▶ [EXERCISE]
Nothing but the lines from the one containing "Ford Ranger Wildtrak 2022 Pearl" through the last line of the records below should be copied, exactly and without pictures.

Brief descriptive captions:
╔══

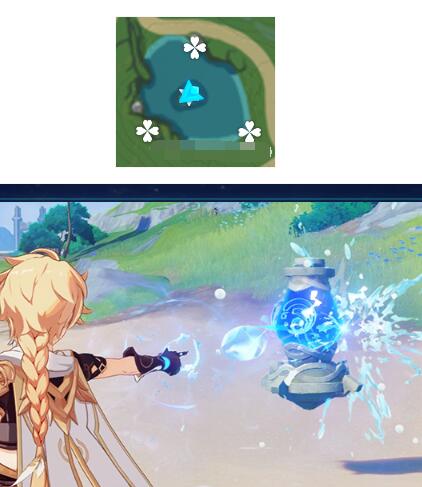 《原神》苍晶区热湖泊铁皮子爵达成方法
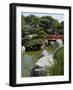 Japanese Gardens, Monte Carlo, Monaco-Ethel Davies-Framed Photographic Print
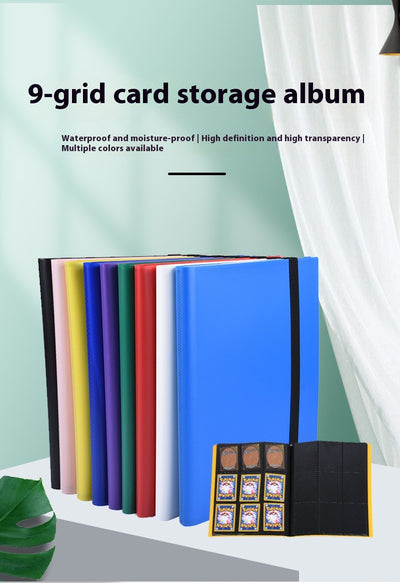 Carpeta Organizadora de 9 Compartimentos A4 - Image 26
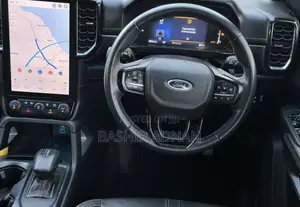 Ford Ranger Wildtrak 2022 Pearl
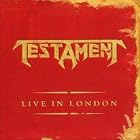Live in London by Testament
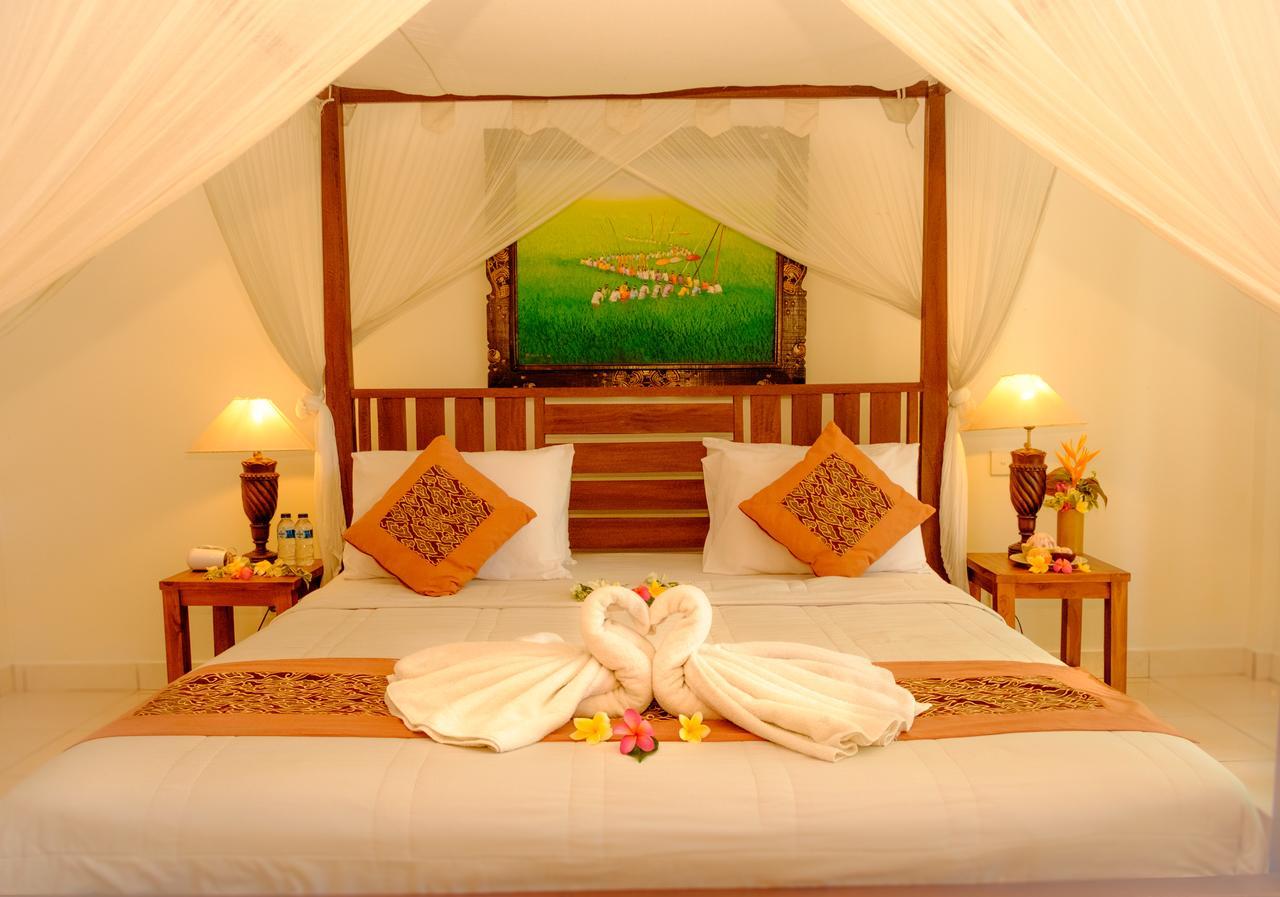 Semujan Bungalow Ubud  Ngoại thất bức ảnh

╚══

▶ [RESULT BELOW]
 Ford Ranger Wildtrak 2022 Pearl
Live in London by Testament
 Semujan Bungalow Ubud  Ngoại thất bức ảnh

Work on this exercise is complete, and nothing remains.